Light scattering characterization of dense liquid clusters. (a) Examples of correlation function (diamonds) and its delay time density function (open circles) of a deoxy-HbS solution with C_HbS = 67 mg ml⁻¹. (b) Time dependence of the radii of dense liquid droplets in deoxy-HbS with C_HbS = 67 mg ml⁻¹ (squares) and C_HbS = 131 mg ml⁻¹ (circles). From Pan et al. (68).

FIGURE 6

Evolution of the distribution of fiber orientations Ψ at three energies of interaction with external electric field, indicated in the plots. φ, angle between fiber dipole moment and direction of electric vector of optical field. Since fiber dipole moment is perpendicular to fiber axis, the fiber orientation is shifted by π/2 with respect to those shown here.

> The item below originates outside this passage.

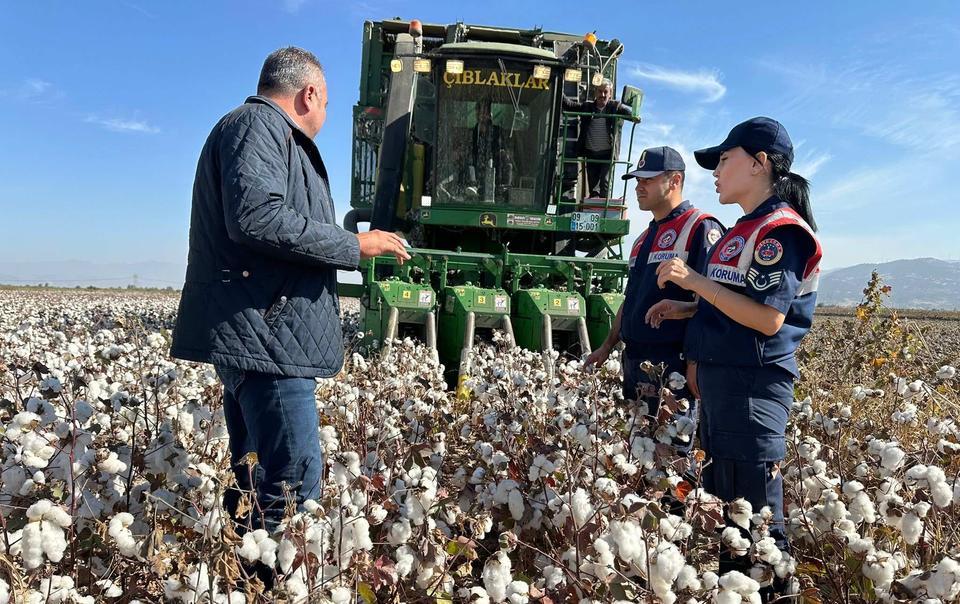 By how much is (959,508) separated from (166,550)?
9.95 feet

Fiber growth with rate R = 1 μm s⁻¹ increases dipole moment, μ, and length, L, and changes rotational diffusion coefficient according to the expression in the text.

FIGURE 7

Randomization of fiber orientation due to thermal motion. φ is an angle between a fiber and an arbitrarily chosen direction. A highly nonuniform initial distribution is assumed. Solutions of viscosity, η, are shown in the plots; rate of growth of fibers is the same as in Fig. 6.

FIGURE 8

Evolution of the distribution of orientations of spherical objects with radii, R, indicated in the plots.